- _Exercise details_: Report, as a bare number, how many lines of the entries below contain "Bedroom".

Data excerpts
━━━
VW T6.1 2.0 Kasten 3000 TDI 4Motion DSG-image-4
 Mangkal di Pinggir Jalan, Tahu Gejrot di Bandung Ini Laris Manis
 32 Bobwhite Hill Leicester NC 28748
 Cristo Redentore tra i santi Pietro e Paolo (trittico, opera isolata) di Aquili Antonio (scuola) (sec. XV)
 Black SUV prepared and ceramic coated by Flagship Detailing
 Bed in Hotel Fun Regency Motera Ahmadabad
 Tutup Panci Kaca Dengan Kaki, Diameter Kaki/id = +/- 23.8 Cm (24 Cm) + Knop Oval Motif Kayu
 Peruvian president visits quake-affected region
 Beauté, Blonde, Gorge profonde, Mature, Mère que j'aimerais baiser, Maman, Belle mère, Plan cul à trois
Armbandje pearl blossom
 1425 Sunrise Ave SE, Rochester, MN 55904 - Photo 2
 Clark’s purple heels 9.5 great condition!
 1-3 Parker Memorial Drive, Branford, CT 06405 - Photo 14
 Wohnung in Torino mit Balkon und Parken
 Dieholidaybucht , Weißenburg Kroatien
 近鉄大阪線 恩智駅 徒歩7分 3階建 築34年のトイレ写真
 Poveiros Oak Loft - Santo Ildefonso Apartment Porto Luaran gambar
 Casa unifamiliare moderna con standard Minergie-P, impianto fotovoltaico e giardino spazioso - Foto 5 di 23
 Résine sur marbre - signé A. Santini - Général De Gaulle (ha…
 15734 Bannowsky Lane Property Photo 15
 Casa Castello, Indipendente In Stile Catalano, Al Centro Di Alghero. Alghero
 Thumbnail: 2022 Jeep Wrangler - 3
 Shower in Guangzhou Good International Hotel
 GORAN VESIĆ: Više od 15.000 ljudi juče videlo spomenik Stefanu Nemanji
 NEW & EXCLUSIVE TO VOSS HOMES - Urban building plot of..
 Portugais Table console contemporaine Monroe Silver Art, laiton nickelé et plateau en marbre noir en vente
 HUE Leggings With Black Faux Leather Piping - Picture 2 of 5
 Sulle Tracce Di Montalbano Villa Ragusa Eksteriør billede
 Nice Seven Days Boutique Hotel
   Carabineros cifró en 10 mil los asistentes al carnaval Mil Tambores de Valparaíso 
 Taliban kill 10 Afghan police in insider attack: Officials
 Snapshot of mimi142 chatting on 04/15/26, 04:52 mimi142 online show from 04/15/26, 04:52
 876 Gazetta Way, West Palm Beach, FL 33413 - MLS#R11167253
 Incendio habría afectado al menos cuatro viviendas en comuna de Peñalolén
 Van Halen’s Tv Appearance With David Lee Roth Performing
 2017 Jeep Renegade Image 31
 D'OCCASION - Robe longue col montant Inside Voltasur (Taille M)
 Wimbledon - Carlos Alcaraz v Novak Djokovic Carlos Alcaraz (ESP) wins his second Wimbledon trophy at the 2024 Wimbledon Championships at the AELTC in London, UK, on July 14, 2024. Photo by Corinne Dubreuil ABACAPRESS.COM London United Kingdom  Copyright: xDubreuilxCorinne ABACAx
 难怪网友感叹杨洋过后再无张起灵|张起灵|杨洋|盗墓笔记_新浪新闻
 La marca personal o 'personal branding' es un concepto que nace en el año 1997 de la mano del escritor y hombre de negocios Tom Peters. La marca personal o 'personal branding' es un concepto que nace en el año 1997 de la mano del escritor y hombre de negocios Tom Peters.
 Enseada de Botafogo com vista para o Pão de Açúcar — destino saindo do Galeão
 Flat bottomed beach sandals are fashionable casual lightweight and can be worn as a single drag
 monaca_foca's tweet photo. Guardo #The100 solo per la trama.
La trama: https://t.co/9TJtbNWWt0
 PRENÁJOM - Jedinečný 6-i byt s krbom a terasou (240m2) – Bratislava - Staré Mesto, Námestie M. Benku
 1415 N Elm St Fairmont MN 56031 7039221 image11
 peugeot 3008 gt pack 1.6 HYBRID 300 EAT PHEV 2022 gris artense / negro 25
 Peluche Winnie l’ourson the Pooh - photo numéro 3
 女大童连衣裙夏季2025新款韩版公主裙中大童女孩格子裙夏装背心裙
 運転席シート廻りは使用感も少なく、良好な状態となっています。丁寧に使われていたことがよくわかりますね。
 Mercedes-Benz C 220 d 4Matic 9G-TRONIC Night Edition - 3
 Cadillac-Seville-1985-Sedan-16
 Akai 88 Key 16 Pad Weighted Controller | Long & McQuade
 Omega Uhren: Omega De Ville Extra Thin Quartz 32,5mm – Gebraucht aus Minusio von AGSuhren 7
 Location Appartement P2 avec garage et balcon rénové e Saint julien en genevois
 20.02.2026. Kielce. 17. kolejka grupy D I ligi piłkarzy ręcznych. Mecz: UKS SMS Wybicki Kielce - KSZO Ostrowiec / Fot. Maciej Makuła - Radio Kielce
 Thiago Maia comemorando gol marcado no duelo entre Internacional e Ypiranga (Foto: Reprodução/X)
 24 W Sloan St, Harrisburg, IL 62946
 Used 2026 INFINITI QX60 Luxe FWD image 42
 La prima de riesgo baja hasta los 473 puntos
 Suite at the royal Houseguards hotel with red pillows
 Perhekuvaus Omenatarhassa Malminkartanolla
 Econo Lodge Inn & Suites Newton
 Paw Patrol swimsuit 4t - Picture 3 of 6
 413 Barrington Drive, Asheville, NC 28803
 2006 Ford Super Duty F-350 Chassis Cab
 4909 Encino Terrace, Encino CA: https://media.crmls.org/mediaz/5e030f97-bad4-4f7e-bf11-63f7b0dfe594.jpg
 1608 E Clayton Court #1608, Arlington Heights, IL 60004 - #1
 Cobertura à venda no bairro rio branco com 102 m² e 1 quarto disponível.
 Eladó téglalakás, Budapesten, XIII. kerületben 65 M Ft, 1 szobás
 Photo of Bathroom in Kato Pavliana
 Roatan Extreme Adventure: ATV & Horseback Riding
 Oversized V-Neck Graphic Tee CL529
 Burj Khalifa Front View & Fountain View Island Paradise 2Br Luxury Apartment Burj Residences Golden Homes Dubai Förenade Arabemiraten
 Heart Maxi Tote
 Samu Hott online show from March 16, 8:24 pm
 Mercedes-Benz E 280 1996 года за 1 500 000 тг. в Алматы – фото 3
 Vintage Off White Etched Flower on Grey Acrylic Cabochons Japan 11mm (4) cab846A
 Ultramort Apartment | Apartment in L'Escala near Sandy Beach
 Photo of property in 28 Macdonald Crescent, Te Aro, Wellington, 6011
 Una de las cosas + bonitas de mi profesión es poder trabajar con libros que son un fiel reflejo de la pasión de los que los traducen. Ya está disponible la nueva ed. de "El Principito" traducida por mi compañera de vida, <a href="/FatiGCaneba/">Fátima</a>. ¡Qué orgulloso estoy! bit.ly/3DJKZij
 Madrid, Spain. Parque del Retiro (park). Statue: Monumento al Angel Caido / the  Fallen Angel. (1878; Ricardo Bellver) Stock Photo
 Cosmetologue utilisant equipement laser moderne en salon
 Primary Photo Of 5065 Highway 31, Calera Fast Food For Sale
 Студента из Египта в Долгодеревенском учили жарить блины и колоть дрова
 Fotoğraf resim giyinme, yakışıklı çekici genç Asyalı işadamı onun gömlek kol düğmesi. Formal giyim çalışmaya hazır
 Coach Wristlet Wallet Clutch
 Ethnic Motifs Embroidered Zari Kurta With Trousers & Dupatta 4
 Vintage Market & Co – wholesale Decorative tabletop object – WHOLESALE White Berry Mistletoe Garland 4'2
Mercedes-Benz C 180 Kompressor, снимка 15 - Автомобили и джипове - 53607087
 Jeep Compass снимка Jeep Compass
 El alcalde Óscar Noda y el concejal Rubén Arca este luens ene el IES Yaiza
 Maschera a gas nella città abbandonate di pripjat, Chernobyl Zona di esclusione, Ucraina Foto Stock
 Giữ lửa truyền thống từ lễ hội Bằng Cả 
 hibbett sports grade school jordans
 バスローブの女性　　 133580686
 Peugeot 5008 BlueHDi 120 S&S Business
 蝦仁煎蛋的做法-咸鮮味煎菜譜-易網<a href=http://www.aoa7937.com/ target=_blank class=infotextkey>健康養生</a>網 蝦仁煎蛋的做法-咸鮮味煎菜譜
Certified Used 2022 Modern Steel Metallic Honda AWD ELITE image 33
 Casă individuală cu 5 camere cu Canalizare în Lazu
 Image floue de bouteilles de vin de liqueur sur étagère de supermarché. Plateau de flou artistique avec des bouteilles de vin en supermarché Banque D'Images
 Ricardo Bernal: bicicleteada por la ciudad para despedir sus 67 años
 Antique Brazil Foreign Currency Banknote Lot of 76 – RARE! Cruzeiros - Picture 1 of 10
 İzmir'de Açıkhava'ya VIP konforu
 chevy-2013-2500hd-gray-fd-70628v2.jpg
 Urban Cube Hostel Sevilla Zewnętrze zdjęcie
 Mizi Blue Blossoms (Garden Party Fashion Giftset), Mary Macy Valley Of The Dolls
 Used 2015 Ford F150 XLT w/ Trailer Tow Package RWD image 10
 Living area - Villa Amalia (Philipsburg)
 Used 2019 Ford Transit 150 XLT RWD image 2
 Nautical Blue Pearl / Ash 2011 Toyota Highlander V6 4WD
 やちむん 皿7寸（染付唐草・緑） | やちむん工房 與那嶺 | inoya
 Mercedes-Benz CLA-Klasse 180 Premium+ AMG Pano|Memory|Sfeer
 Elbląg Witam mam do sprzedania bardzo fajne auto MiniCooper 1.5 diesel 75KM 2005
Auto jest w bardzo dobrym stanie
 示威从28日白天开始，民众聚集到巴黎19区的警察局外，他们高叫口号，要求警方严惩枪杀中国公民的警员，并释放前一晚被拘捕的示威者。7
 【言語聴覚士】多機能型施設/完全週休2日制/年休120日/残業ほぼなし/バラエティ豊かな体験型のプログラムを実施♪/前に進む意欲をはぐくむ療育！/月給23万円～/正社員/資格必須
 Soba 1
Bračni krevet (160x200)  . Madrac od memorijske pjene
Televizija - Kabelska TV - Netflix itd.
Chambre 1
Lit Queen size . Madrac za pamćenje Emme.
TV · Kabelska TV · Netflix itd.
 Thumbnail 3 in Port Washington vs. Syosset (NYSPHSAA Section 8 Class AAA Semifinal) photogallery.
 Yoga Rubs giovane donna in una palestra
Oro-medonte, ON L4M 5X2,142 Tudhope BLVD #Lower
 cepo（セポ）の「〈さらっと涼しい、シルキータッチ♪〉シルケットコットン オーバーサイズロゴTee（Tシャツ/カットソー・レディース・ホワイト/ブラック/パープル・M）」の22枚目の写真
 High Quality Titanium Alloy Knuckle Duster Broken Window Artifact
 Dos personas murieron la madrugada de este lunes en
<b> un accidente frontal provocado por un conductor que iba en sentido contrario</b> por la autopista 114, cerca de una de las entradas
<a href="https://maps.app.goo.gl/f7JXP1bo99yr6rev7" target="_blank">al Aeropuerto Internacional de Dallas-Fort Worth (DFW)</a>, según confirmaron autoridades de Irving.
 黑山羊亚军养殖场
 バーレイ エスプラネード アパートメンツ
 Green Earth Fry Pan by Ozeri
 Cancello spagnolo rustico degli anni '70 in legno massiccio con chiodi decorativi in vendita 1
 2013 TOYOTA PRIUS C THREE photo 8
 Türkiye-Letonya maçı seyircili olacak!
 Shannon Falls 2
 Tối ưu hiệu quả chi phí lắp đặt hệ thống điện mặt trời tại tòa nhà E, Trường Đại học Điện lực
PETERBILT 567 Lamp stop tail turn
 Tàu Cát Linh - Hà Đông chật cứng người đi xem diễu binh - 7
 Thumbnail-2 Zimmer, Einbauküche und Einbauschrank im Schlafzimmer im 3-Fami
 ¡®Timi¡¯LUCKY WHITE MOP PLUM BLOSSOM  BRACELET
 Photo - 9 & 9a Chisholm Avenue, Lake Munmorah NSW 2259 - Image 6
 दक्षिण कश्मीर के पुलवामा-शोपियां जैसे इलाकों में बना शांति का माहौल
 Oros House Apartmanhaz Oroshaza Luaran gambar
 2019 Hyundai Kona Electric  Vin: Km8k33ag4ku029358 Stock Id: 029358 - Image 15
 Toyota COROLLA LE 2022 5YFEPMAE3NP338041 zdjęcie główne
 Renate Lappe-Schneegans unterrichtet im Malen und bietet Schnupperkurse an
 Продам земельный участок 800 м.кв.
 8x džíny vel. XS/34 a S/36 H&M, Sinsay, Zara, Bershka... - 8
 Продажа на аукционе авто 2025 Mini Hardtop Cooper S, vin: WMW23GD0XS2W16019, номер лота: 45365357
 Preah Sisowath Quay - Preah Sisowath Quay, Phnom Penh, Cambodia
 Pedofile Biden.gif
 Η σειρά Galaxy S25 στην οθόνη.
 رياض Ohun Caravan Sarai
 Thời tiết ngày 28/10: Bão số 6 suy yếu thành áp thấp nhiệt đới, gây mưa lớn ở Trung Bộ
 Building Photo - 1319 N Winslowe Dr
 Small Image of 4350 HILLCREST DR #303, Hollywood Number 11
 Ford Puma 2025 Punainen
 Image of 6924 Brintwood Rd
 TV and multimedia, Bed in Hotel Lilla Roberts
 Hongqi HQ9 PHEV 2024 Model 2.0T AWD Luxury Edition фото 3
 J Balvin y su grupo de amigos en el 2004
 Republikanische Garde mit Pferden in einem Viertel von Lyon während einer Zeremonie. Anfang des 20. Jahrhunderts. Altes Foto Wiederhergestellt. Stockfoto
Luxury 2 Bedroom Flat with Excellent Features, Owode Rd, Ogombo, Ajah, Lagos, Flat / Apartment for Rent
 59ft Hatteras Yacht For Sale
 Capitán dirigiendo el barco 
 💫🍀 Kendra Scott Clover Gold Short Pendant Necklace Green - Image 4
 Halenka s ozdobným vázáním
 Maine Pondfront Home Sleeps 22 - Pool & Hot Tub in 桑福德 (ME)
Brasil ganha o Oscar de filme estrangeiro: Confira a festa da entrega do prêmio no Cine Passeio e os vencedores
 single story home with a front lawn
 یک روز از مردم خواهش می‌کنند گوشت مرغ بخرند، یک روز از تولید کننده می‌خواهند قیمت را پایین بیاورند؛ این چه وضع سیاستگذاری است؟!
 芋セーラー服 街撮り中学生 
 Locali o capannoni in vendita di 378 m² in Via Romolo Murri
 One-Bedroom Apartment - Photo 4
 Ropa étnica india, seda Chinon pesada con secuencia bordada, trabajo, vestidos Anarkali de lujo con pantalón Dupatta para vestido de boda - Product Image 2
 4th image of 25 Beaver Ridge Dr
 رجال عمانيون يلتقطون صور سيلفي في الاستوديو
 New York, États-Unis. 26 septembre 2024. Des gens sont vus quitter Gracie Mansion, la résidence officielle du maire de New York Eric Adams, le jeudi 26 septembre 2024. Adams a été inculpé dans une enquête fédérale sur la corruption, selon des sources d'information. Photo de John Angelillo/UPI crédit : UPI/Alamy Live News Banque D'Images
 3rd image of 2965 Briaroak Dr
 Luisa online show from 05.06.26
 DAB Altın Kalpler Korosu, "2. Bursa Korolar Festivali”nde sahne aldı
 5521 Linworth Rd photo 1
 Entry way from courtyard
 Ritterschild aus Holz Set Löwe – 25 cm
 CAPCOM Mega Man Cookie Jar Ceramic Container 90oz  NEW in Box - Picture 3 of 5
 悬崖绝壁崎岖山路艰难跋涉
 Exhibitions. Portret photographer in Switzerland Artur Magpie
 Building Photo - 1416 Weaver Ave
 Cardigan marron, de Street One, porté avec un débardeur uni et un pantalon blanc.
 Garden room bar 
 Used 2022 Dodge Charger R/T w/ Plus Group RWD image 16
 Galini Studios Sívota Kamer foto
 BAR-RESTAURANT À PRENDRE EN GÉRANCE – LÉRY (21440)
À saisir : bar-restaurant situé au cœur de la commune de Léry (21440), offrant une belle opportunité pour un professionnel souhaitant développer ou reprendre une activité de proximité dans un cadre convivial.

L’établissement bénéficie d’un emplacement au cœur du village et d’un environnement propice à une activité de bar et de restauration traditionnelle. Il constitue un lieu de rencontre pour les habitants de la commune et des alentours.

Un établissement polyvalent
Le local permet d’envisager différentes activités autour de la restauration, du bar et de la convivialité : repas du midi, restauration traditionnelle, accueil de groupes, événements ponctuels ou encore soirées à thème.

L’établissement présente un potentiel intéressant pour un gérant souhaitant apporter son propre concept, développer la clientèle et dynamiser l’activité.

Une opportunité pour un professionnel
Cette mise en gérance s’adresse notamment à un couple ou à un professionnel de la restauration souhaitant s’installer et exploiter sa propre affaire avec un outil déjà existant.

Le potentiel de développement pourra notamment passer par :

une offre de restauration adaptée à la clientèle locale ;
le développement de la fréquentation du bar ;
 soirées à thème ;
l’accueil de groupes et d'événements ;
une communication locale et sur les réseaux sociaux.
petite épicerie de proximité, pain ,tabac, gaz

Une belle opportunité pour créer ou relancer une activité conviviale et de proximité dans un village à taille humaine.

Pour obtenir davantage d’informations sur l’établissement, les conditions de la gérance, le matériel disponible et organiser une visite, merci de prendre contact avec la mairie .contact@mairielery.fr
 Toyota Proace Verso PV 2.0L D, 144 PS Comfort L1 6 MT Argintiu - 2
━━━
- _Answer box_: 2